_EXTRACTED ENTRIES_.

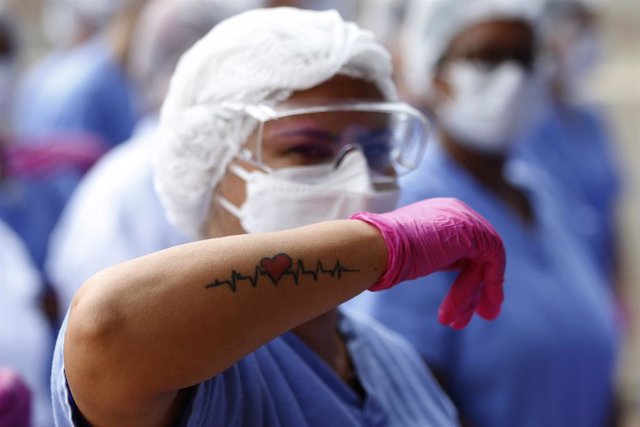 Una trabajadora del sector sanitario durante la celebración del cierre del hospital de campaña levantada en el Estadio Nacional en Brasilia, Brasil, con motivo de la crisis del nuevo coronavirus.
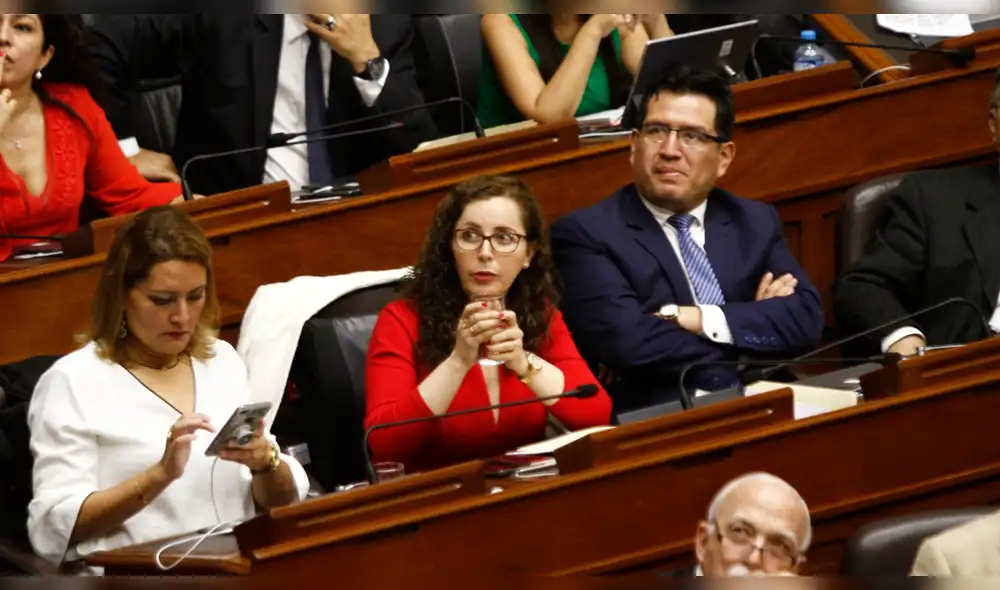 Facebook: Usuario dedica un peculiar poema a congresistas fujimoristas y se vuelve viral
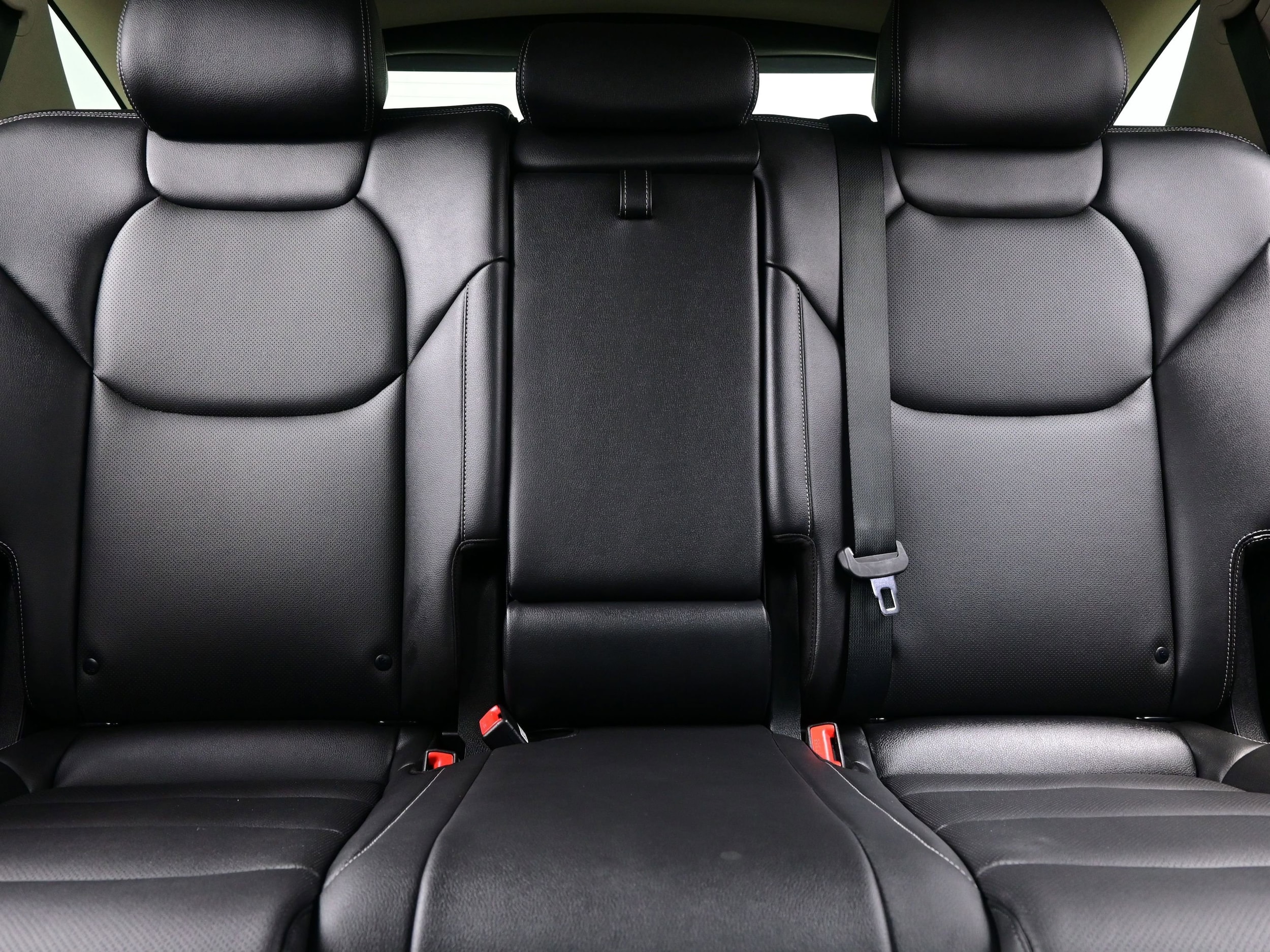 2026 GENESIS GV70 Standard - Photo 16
==
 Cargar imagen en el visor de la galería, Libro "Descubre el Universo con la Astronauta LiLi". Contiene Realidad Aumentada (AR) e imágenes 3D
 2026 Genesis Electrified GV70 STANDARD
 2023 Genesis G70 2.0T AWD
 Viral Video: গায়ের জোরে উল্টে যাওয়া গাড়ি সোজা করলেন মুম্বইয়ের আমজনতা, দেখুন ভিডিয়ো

_EXERCISE DIRECTIONS_. Excluding any pictures, print exactly the lines of the listing above from the line with "Una trabajadora del" to the line with "2026 GENESIS GV70 Standard - Photo 16", both ends included.

_ANSWER_.
 Una trabajadora del sector sanitario durante la celebración del cierre del hospital de campaña levantada en el Estadio Nacional en Brasilia, Brasil, con motivo de la crisis del nuevo coronavirus.
 Facebook: Usuario dedica un peculiar poema a congresistas fujimoristas y se vuelve viral
 2026 GENESIS GV70 Standard - Photo 16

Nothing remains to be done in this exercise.